# DESCRIPTION OF THE TASK:
Leave every entry as it is and write the data out in full.

━━━ INFORMATION PROVIDED ━━━

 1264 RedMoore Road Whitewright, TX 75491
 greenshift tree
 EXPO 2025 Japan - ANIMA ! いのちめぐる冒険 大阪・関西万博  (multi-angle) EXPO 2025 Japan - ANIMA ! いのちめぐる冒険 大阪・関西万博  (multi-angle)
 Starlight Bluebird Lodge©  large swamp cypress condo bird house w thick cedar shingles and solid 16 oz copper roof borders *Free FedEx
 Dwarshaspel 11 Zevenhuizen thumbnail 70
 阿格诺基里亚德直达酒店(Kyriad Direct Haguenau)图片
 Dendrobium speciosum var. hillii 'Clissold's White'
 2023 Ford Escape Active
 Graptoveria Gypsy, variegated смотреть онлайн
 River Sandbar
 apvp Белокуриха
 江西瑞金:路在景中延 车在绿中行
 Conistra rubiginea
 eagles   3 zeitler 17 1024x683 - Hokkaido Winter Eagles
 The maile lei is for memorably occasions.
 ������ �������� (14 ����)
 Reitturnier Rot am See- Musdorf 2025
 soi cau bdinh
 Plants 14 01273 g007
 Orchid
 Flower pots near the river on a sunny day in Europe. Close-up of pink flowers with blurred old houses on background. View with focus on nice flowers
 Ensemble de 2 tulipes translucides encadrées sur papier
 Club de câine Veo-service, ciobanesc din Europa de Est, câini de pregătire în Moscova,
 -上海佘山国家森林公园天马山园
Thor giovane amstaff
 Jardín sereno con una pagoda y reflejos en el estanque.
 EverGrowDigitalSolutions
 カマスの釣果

━━━

# RESPONSE TO THE TASK:
 1264 RedMoore Road Whitewright, TX 75491
 greenshift tree
 EXPO 2025 Japan - ANIMA ! いのちめぐる冒険 大阪・関西万博  (multi-angle) EXPO 2025 Japan - ANIMA ! いのちめぐる冒険 大阪・関西万博  (multi-angle)
 Starlight Bluebird Lodge©  large swamp cypress condo bird house w thick cedar shingles and solid 16 oz copper roof borders *Free FedEx
 Dwarshaspel 11 Zevenhuizen thumbnail 70
 阿格诺基里亚德直达酒店(Kyriad Direct Haguenau)图片
 Dendrobium speciosum var. hillii 'Clissold's White'
 2023 Ford Escape Active
 Graptoveria Gypsy, variegated смотреть онлайн
 River Sandbar
 apvp Белокуриха
 江西瑞金:路在景中延 车在绿中行
 Conistra rubiginea
 eagles   3 zeitler 17 1024x683 - Hokkaido Winter Eagles
 The maile lei is for memorably occasions.
 ������ �������� (14 ����)
 Reitturnier Rot am See- Musdorf 2025
 soi cau bdinh
 Plants 14 01273 g007
 Orchid
 Flower pots near the river on a sunny day in Europe. Close-up of pink flowers with blurred old houses on background. View with focus on nice flowers
 Ensemble de 2 tulipes translucides encadrées sur papier
 Club de câine Veo-service, ciobanesc din Europa de Est, câini de pregătire în Moscova,
 -上海佘山国家森林公园天马山园
Thor giovane amstaff
 Jardín sereno con una pagoda y reflejos en el estanque.
 EverGrowDigitalSolutions
 カマスの釣果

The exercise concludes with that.